A cascade of other momentous leadership shifts could soon put regionalorder in question

Political change came to Jordan at a dizzying pace over the past three weeks. It is hard to imagine a Middle East without King Hussein - and surprising still that long-serving Crown Prince Hassan did not, after all, succeed him.

But even as Middle Easterners try to figure the implications of King Abdullah II's abrupt succession to power, they also foresee a cascade of other momentous leadership changes throughout their region.

These changes may put into question a regional order which has relied to a dangerous degree on one-man rule. They also raise valid questions about the legitimacy and stability of one-man rule in an era of modern communications and modern demands for popular participation in determining these nations' policies.

In Saudi Arabia, King Fahd is aging and in very poor health. He is unlikely to demote his half-brother Abdullah from his long-held position as crown prince - indeed, Abdullah has been carrying most of the burdens of leadership for many months now. But Abdullah is not much younger than Fahd, and the question of who will be next in line after them is a tough one. Several other sons of nation-founder King Abdul-Aziz are thought to want the throne. But at some stage, it should pass to a new generation. The question then is, whose sons will have the stronger claim? Can the extended council of Al-Saud family princes, which has decided such issues in the past, decide this one too?

Egypt and the Palestinians both face acute succession issues with aging leaders who have not named successors.

Egypt's President Hosni Mubarak has resisted all urgings that he name a deputy president, though the value of that move was shown during the republic's two previous successions, which occurred quite smoothly.

Palestinian leader Yasser Arafat has led his people for 30 years. He used to have a formal deputy, Jihad al-Wazir. But Mr. Wazir was killed by the Israelis in 1988, and Mr. Arafat hasn't named a vice president - though his health has deteriorated rapidly and visibly over recent months.

All of those leaders are more than 70 years old. In Syria, President Hafez al-Asad has battled ill-health for many years. Back in 1983, when he was thought to be on his deathbed, an ugly battle between different military claimants to his palace raged through Damascus. He survived, and the generals had their forces reorganized. Then, though Syria is a republic, the president groomed his son, Basil, to succeed him. But Basil had a fatal car accident in 1994, and it is uncertain whether a younger son, Bashar, can win the political loyalty he would need.

Among the one-man regimes in the region, Iraq and Libya stand out for having relatively younger leaders who are not known to have any serious health problems. Iran also has a relatively youthful leader, the reform-minded President Mohamad Khatami. Though Mr. Khatami doesn't always get his way, the present Iranian system has many politically robust elements, including a lively and somewhat empowered parliament.

Elsewhere in the Middle East, parliamentary successions will bring their own uncertainties in the months ahead.

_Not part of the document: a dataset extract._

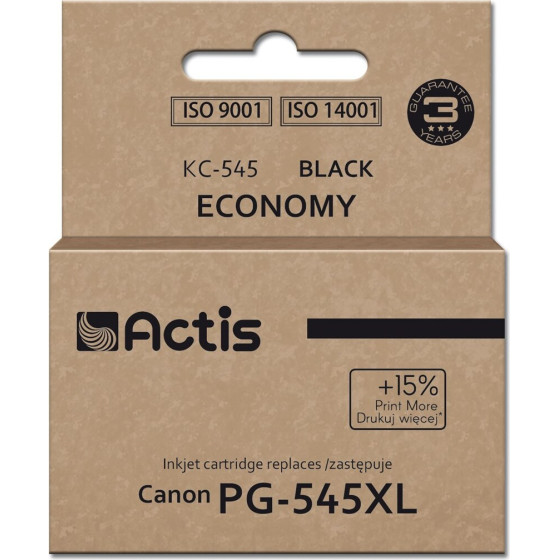 ACTIS Ink (replacement for Canon PG-545XL; Supreme; 15 ml; 207 pages; black). - (KC-545)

Israel will hold crucial elections this spring, in which Prime Minister Benjamin Netanyahu will be challenged in the direct election for his post by two respected former generals - Labor Party head Ehud Barak and Yitzhak Mordechai, who defected from Mr. Netanyahu's Cabinet to lead a new centrist party. The field will also likely include one or more virulent right-wingers. As in Israel's 1996 election, the outcome will prove fateful for peace efforts throughout the region. And as in the run-up to nearly every Israeli election since 1981, the incumbent may feel tempted to launch a big, vote-winning escalation against poor old Lebanon.

Turkey and Algeria will also be holding elections soon. In both countries, the military still holds the upper hand.

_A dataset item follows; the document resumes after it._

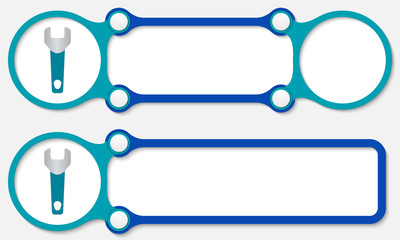 Two vector abstract frames for your text and spanner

But these elections may help open up much-needed political space in the two countries. Alternatively, either might be accompanied by an escalation of existing political violence.

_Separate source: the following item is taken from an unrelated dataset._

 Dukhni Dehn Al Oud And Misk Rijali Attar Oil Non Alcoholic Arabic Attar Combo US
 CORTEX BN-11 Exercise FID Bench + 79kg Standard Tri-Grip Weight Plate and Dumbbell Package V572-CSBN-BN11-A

The funerals of major political leaders are sad affairs. But they also provide many important opportunities in modern political life: for national spectacle, for demonstrations of political loyalty, for discreet top-leader contacts - and, also, for a sober reassessment of political realities.

One of the realities in the Middle East today is that a number of regional leaders present or represented at Hussein's funeral may not be on the political scene for very much longer.

Are the political arrangements inside each country, and those so slowly and partially built among previously warring parties, robust enough to withstand these changes? The coming years will tell.

*Helena Cobban writes on foreign affairs from Charlottesville, Va.